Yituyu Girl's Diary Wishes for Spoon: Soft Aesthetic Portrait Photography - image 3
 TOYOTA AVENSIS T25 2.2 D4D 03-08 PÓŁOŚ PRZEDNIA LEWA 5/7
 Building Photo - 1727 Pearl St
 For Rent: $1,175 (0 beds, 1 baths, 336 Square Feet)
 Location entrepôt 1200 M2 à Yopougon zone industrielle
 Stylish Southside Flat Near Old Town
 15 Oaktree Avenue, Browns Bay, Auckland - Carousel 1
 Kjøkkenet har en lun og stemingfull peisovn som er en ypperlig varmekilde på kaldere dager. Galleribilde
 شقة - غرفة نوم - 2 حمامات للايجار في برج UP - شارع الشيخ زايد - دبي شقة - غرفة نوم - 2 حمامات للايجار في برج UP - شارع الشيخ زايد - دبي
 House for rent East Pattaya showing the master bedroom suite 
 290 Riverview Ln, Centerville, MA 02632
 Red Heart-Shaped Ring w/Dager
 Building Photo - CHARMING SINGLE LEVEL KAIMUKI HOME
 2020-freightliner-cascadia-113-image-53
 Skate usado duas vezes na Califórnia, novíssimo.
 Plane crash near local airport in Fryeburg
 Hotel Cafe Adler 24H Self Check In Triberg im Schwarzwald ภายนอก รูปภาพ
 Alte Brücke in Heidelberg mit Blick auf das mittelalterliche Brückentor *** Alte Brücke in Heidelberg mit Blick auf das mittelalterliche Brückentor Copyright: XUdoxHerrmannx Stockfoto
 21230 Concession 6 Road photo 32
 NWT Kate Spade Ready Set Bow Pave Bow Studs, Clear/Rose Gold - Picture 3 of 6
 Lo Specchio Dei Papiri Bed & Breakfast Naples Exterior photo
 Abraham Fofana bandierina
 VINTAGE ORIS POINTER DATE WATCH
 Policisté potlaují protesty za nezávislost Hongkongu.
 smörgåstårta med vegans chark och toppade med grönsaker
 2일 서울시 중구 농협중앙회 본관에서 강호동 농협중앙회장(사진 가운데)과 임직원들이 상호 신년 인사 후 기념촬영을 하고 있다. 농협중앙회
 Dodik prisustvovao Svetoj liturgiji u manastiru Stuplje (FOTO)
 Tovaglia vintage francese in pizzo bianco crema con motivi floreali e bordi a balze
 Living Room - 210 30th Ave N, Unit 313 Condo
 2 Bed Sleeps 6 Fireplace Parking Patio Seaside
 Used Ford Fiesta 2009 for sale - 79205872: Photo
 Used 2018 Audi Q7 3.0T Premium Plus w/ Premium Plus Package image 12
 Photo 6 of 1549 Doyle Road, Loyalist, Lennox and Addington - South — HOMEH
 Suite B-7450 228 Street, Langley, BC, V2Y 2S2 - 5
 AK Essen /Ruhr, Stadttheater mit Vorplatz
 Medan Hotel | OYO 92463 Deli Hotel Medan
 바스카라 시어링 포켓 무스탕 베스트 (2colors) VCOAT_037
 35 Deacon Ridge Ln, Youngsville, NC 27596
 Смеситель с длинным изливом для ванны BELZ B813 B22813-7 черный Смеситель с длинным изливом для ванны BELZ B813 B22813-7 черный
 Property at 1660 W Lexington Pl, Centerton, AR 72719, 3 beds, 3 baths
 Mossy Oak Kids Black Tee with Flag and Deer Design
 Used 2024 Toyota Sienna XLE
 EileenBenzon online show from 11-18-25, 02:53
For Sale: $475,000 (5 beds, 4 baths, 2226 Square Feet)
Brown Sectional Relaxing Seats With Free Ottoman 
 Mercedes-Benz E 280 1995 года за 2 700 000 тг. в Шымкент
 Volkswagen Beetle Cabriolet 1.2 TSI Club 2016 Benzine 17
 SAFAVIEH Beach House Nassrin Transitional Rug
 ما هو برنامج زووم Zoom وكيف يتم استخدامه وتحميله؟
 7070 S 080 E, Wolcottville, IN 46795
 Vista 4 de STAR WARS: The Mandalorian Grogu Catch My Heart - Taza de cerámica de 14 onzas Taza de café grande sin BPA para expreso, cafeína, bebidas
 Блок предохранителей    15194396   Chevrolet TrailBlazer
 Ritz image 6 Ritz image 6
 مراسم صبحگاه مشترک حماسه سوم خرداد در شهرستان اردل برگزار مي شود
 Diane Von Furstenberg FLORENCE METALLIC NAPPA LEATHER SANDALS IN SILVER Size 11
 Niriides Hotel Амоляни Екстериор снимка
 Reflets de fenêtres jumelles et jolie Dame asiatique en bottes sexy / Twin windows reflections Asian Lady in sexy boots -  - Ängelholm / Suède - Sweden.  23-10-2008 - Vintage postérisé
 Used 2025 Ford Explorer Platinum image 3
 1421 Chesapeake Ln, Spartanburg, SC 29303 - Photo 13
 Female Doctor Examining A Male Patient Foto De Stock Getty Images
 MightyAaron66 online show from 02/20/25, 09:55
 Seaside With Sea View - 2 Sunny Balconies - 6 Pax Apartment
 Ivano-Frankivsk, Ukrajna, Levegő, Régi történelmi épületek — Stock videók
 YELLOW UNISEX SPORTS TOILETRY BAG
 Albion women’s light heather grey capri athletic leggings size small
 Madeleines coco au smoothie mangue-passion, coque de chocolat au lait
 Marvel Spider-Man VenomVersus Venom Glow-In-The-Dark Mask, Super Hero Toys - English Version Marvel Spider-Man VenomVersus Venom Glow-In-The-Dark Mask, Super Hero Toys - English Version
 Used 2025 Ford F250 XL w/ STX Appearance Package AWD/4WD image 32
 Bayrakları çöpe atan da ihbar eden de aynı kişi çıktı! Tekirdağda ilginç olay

---+---

§ DESCRIPTION OF THE TASK
Restate the whole of the data exactly.

§ PROBLEM SOLUTION
Yituyu Girl's Diary Wishes for Spoon: Soft Aesthetic Portrait Photography - image 3
 TOYOTA AVENSIS T25 2.2 D4D 03-08 PÓŁOŚ PRZEDNIA LEWA 5/7
 Building Photo - 1727 Pearl St
 For Rent: $1,175 (0 beds, 1 baths, 336 Square Feet)
 Location entrepôt 1200 M2 à Yopougon zone industrielle
 Stylish Southside Flat Near Old Town
 15 Oaktree Avenue, Browns Bay, Auckland - Carousel 1
 Kjøkkenet har en lun og stemingfull peisovn som er en ypperlig varmekilde på kaldere dager. Galleribilde
 شقة - غرفة نوم - 2 حمامات للايجار في برج UP - شارع الشيخ زايد - دبي شقة - غرفة نوم - 2 حمامات للايجار في برج UP - شارع الشيخ زايد - دبي
 House for rent East Pattaya showing the master bedroom suite 
 290 Riverview Ln, Centerville, MA 02632
 Red Heart-Shaped Ring w/Dager
 Building Photo - CHARMING SINGLE LEVEL KAIMUKI HOME
 2020-freightliner-cascadia-113-image-53
 Skate usado duas vezes na Califórnia, novíssimo.
 Plane crash near local airport in Fryeburg
 Hotel Cafe Adler 24H Self Check In Triberg im Schwarzwald ภายนอก รูปภาพ
 Alte Brücke in Heidelberg mit Blick auf das mittelalterliche Brückentor *** Alte Brücke in Heidelberg mit Blick auf das mittelalterliche Brückentor Copyright: XUdoxHerrmannx Stockfoto
 21230 Concession 6 Road photo 32
 NWT Kate Spade Ready Set Bow Pave Bow Studs, Clear/Rose Gold - Picture 3 of 6
 Lo Specchio Dei Papiri Bed & Breakfast Naples Exterior photo
 Abraham Fofana bandierina
 VINTAGE ORIS POINTER DATE WATCH
 Policisté potlaují protesty za nezávislost Hongkongu.
 smörgåstårta med vegans chark och toppade med grönsaker
 2일 서울시 중구 농협중앙회 본관에서 강호동 농협중앙회장(사진 가운데)과 임직원들이 상호 신년 인사 후 기념촬영을 하고 있다. 농협중앙회
 Dodik prisustvovao Svetoj liturgiji u manastiru Stuplje (FOTO)
 Tovaglia vintage francese in pizzo bianco crema con motivi floreali e bordi a balze
 Living Room - 210 30th Ave N, Unit 313 Condo
 2 Bed Sleeps 6 Fireplace Parking Patio Seaside
 Used Ford Fiesta 2009 for sale - 79205872: Photo
 Used 2018 Audi Q7 3.0T Premium Plus w/ Premium Plus Package image 12
 Photo 6 of 1549 Doyle Road, Loyalist, Lennox and Addington - South — HOMEH
 Suite B-7450 228 Street, Langley, BC, V2Y 2S2 - 5
 AK Essen /Ruhr, Stadttheater mit Vorplatz
 Medan Hotel | OYO 92463 Deli Hotel Medan
 바스카라 시어링 포켓 무스탕 베스트 (2colors) VCOAT_037
 35 Deacon Ridge Ln, Youngsville, NC 27596
 Смеситель с длинным изливом для ванны BELZ B813 B22813-7 черный Смеситель с длинным изливом для ванны BELZ B813 B22813-7 черный
 Property at 1660 W Lexington Pl, Centerton, AR 72719, 3 beds, 3 baths
 Mossy Oak Kids Black Tee with Flag and Deer Design
 Used 2024 Toyota Sienna XLE
 EileenBenzon online show from 11-18-25, 02:53
For Sale: $475,000 (5 beds, 4 baths, 2226 Square Feet)
Brown Sectional Relaxing Seats With Free Ottoman 
 Mercedes-Benz E 280 1995 года за 2 700 000 тг. в Шымкент
 Volkswagen Beetle Cabriolet 1.2 TSI Club 2016 Benzine 17
 SAFAVIEH Beach House Nassrin Transitional Rug
 ما هو برنامج زووم Zoom وكيف يتم استخدامه وتحميله؟
 7070 S 080 E, Wolcottville, IN 46795
 Vista 4 de STAR WARS: The Mandalorian Grogu Catch My Heart - Taza de cerámica de 14 onzas Taza de café grande sin BPA para expreso, cafeína, bebidas
 Блок предохранителей    15194396   Chevrolet TrailBlazer
 Ritz image 6 Ritz image 6
 مراسم صبحگاه مشترک حماسه سوم خرداد در شهرستان اردل برگزار مي شود
 Diane Von Furstenberg FLORENCE METALLIC NAPPA LEATHER SANDALS IN SILVER Size 11
 Niriides Hotel Амоляни Екстериор снимка
 Reflets de fenêtres jumelles et jolie Dame asiatique en bottes sexy / Twin windows reflections Asian Lady in sexy boots -  - Ängelholm / Suède - Sweden.  23-10-2008 - Vintage postérisé
 Used 2025 Ford Explorer Platinum image 3
 1421 Chesapeake Ln, Spartanburg, SC 29303 - Photo 13
 Female Doctor Examining A Male Patient Foto De Stock Getty Images
 MightyAaron66 online show from 02/20/25, 09:55
 Seaside With Sea View - 2 Sunny Balconies - 6 Pax Apartment
 Ivano-Frankivsk, Ukrajna, Levegő, Régi történelmi épületek — Stock videók
 YELLOW UNISEX SPORTS TOILETRY BAG
 Albion women’s light heather grey capri athletic leggings size small
 Madeleines coco au smoothie mangue-passion, coque de chocolat au lait
 Marvel Spider-Man VenomVersus Venom Glow-In-The-Dark Mask, Super Hero Toys - English Version Marvel Spider-Man VenomVersus Venom Glow-In-The-Dark Mask, Super Hero Toys - English Version
 Used 2025 Ford F250 XL w/ STX Appearance Package AWD/4WD image 32
 Bayrakları çöpe atan da ihbar eden de aynı kişi çıktı! Tekirdağda ilginç olay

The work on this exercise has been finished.